Filenames are not null-terminated (\0) except for the last one in each directory block. For each directory block, if the last filename doesn’t reach up to the end of the block, the remaining bytes must start with 0x00.

So the length of entry i is derived as:

  • For all entries except the last: nameoff[i+1] βˆ’ nameoff[i].

  • For the last entry in the block: strnlen(filename, block_end βˆ’ nameoff[last]).

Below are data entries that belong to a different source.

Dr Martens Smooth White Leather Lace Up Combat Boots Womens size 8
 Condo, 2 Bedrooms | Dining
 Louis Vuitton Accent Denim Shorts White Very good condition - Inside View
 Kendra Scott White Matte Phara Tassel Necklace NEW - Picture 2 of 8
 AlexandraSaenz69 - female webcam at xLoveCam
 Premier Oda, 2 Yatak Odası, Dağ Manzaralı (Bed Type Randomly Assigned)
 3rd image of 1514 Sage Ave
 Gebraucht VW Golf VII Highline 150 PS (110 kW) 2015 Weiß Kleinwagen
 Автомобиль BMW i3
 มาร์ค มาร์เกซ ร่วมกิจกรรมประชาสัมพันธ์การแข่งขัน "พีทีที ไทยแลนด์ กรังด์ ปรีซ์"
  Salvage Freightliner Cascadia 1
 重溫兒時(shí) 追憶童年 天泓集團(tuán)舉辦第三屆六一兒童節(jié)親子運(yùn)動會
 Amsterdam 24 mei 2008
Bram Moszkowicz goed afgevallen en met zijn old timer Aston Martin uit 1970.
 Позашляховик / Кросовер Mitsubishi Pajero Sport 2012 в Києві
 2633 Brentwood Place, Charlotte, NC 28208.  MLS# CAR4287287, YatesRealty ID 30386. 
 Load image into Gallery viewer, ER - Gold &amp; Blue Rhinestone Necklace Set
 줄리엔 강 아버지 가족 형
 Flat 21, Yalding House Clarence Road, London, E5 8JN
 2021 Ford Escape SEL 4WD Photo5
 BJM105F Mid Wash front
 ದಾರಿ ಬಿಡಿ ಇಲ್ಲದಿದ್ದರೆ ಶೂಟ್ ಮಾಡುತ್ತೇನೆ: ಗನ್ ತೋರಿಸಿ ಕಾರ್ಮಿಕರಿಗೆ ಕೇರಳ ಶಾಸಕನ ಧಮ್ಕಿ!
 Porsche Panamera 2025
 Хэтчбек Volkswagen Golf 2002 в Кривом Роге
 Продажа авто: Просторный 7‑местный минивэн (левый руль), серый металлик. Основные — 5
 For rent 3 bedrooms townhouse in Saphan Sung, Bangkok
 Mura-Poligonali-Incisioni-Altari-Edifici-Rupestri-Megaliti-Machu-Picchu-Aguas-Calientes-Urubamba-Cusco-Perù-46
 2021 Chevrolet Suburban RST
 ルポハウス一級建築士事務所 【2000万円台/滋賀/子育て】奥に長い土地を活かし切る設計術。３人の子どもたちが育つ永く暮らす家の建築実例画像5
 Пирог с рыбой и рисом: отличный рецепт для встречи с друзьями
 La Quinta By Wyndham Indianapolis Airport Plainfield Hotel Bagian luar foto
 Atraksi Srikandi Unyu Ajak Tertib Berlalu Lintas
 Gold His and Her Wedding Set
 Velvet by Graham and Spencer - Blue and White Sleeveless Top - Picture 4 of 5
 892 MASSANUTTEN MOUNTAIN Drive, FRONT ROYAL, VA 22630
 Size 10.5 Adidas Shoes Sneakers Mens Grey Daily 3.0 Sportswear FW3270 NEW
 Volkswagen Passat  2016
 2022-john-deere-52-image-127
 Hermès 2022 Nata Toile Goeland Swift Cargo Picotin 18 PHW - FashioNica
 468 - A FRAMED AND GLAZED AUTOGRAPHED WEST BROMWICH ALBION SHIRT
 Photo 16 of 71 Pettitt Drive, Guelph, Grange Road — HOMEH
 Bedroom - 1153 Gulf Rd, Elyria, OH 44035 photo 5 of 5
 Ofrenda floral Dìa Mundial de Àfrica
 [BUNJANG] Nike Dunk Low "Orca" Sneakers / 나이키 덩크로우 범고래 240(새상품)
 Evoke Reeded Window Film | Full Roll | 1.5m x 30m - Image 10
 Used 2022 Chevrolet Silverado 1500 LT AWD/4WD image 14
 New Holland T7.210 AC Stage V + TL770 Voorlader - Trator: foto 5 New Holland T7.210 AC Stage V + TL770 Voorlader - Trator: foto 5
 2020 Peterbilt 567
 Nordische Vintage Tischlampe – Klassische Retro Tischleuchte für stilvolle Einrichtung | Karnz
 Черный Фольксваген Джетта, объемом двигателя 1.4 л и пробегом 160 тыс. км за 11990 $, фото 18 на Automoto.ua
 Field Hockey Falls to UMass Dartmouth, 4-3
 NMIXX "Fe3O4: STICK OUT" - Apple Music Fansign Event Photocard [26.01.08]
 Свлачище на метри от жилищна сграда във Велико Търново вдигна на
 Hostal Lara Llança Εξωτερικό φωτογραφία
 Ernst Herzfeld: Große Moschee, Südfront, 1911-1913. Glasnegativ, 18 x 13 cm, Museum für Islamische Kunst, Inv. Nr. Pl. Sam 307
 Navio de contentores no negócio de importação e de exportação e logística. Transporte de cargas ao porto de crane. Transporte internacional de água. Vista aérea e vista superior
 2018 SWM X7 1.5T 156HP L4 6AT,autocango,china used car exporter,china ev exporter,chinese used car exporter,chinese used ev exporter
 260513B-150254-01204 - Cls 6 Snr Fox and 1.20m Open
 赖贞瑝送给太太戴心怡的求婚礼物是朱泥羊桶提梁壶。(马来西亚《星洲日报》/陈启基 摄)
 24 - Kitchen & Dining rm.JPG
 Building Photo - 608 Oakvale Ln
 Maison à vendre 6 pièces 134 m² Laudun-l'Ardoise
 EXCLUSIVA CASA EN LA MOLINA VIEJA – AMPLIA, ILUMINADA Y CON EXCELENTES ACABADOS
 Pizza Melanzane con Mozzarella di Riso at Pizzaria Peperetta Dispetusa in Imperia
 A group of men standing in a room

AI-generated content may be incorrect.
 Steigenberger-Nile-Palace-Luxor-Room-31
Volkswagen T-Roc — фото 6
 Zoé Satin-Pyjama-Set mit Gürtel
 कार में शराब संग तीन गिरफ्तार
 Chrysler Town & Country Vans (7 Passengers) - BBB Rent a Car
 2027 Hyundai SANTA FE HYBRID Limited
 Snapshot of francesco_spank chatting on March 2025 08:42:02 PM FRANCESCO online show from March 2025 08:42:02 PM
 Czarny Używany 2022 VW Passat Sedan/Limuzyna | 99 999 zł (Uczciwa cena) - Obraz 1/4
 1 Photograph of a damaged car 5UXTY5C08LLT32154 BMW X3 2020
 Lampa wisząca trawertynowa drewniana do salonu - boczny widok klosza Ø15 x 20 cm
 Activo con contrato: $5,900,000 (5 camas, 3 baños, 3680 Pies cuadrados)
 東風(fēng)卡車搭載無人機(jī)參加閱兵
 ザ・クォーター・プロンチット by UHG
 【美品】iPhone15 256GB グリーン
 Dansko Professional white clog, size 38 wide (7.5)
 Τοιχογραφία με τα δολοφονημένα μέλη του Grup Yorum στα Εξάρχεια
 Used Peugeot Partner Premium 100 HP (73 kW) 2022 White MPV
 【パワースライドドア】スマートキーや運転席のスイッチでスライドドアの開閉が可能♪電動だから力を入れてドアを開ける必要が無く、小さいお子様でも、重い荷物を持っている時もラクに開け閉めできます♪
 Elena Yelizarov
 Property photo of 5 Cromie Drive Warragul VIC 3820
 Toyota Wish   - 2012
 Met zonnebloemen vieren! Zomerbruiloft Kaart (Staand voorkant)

No character encoding is mandated; UTF-8 is recommended.

Note

Other alternative forms (e.g., Eytzinger order) were also considered (that is why there was once .*_classic naming). Here are some reasons those forms were not supported:

  • Filenames are variable-sized strings, which makes Eytzinger order harder to utilize unless namehash is also introduced, but that complicates the overall implementation and expands directory sizes.

  • It is harder to keep filenames and directory entries in the same directory block (especially large directories) to minimize I/O amplification.

  • readdir(3) would be impacted too if strict alphabetical order were required.

If there are better ideas to resolve these, the on-disk definition could be updated in the future.